Velázquez submitted this portrait to Pope Innocent X as his job application and was commissioned to do his famous slightly terrifying portrait of the not-so-innocent-looking Innocent X:

Velázquez emancipated de Pareja nine months later, and his assistant went on to a successful (although not superb) career as a pretty good professional painter. That’s de Pareja at the far left in his 1661 painting that hangs in the Prado in Madrid:

De Pareja wasn’t as good a painter as Velázquez, but then, who was? Velázquez probably wasn’t the greatest painter of all time, but, then again, maybe he was.

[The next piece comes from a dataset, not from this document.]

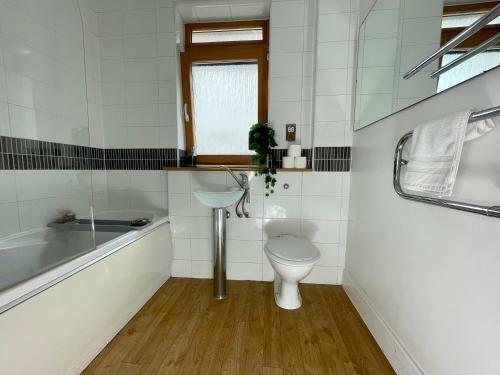 Stylish Luxe Apartment In City Centre W/ Netflix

The likelihood that Velázquez was the greatest painter ever is less than 50% but also definitely higher than 0%.

Think how lucky Juan de Pareja was that his African ancestors were enslaved by another tribe and he wound up owned by perhaps the greatest painter of all, who set him free and helped him become a successful professional painter.

“Thank God my granddaddy got on that boat!”—Muhammad Ali.

From the New York Times:

A Familiar Face at the Met, Now in His Own Light

Juan de Pareja was immortalized in a portrait by Velázquez, his enslaver for two decades. Now he takes center stage with his art and personal history.

In 1650, Diego Velázquez painted this ennobling portrait of Juan de Pareja, a studio assistant enslaved in his studio. Pareja became an artist in his own right, and his paintings are the focus of exhibition at the Met.

By Jason Farago
April 7, 2023

…assistant Juan de Pareja, who has been enslaved in Velázquez’s household…

He became an artist in his own right, and his style diverged in surprising ways from his former enslaver’s: lighter, in higher spirits, quite his own. …

Most likely Pareja was the son of an enslaved woman and a white Spaniard father, perhaps her enslaver. …

Nine months after Velázquez painted his enslaved assistant, he freed him

I realize you’d get fired from the NYT if you refused to sound like an illiterate for using the term “enslaver” for the white slaveowner Diego Velázquez rather than for the black enslaver who enslaved free blacks in Africa.

But do know that you sound like an illiterate.

Pareja’s ancestors were enslaved by other blacks in Africa, but he was freed by the great Velázquez. Instead of referring to the great painter Diego Velázquez as his assistant Juan de Pareja’s “enslaver,” it would be more correct to refer to Velázquez as his “liberator.”